En ce beau mois de juillet, j’ai suivi le conseil de lecture de mon amie Maud relayée par Anne L, et je me suis lancée dans la lecture d’ALMA de Timothée de Fombelle. C’est un ouvrage qui fait partie de la préparation de notre prochaine lecture scénique (en direction des collégiens, mais pas uniquement) à propos de l’esclavage. L’auteur, que j’avais rencontré avec TOBIE LOLNESS, m’avait séduite à l’époque et j’ai retrouvé intact, le bonheur de lire sa prose et de partir en sa compagnie sur des chemins inattendus et merveilleux. Car, entre mille autres choses, il est aussi question de merveilleux dans ce roman, parfois proche du conte.
J’ai voulu vous en faire partager un instant, au tout début du roman,  et pourquoi pas, vous donner envie d’en savoir un peu plus.
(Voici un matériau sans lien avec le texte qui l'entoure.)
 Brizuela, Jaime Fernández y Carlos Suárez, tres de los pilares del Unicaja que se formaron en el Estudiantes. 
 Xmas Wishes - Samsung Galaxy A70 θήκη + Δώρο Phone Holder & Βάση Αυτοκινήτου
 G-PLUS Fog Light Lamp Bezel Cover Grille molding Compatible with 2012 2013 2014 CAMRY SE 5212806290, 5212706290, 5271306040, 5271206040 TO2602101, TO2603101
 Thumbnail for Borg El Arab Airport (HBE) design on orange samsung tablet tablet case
Le plus dur va être d’attendre la suite en 2021…

Marie-Pierre

Alma, Le vent se lève

par Timothée de Fombelle, lu par Marie-Pierre

Nao n’a pas entendu son mari approcher mais elle sent l’ombre passer sur son dos quand il franchit la porte.
Elle se retourne.
Mosi est à contre-jour dans la lumière du couchant. Il tient dans sa main un paquet de cuir noir couvert de terre. Ce sont les restes de son passé enveloppés dans un manteau et serrés avec une ceinture. Un paquet souple que sa femme a voulu effacer de sa mémoire mais qu’elle reconnaît aussitôt. Mosi a enterré ces affaires quand ils sont arrivés dans leur vallée.
Nao se lève doucement. Elle distingue enfin son visage malgré le soleil aveuglant du soir. Il dit :

– Lam est parti. Il a trouvé la pirogue.
Perdue, Nao le regarde, comme s’il parlait une langue inconnue.
– Si je ne le rejoins pas avant la nuit, dit Mosi, le passage se refermera.
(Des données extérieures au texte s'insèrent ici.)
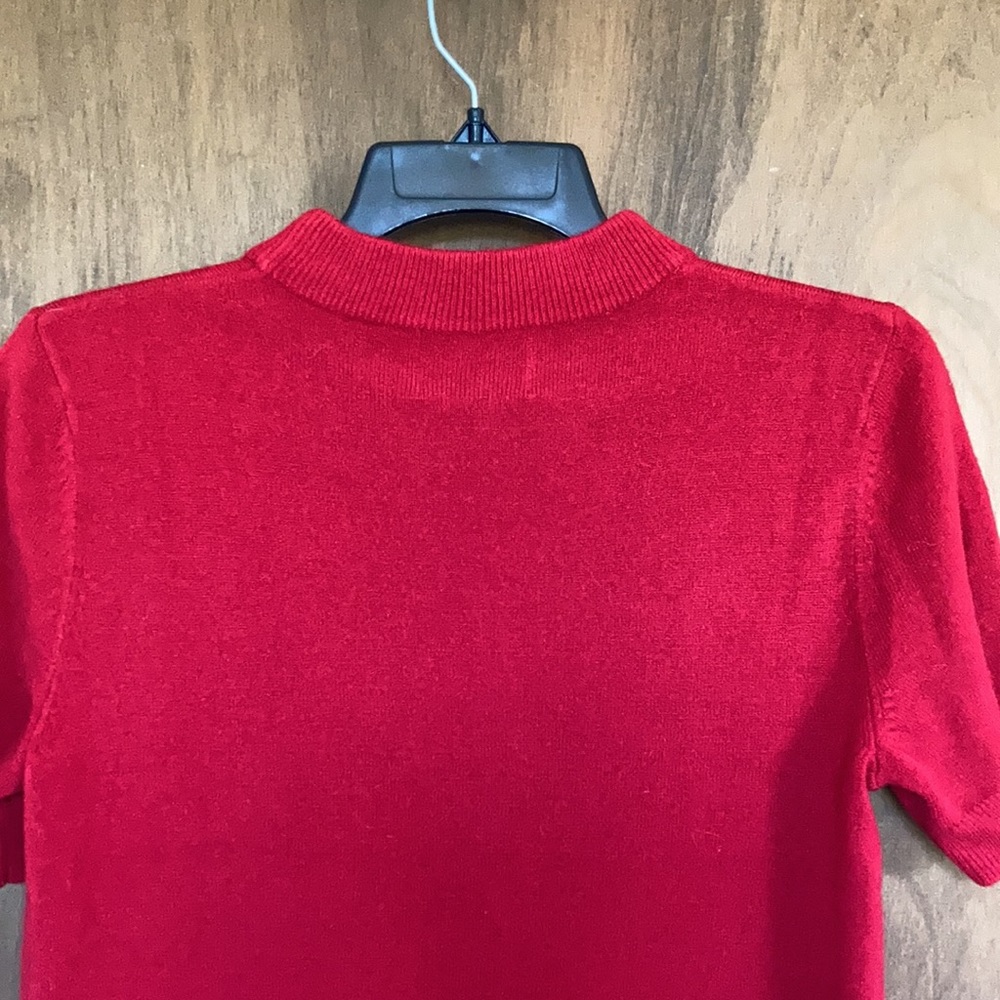 Vintage Y2K requirements red sweater SP - Picture 13 of 17
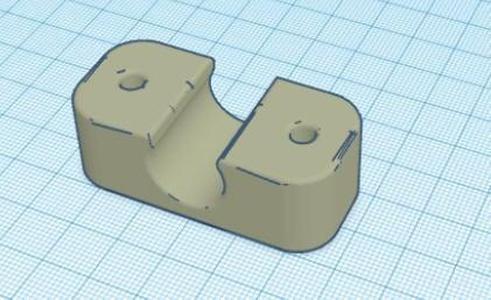 15mm pipe clamp - 2 Screws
Nao préfèrerait ne pas comprendre ces mots qui tombent sur elle, mais c’est trop tard, ils sont rentrés dans son cœur. Partir, c’est forcément quitter la vallée pour une année entière. Impossible de revenir avant les prochaines grandes pluies.

– Je reviendrai avec Lam, murmure Mosi. Dis aux enfants que je leur confie chacune de leurs vies. Dis à Alma… Où est passée Alma ?
Nao balance lentement la tête pour dire qu’elle ne sait pas.
–  Dis-lui que je ramènerai Lam. Dis-lui aussi que ma lance est pour elle.
Nao se rapproche de Mosi en silence. Elle pose la tête sur son épaule.
–  Et à Nao ? demande-t-elle enfin. Qu’est-ce que je dirai à Nao ?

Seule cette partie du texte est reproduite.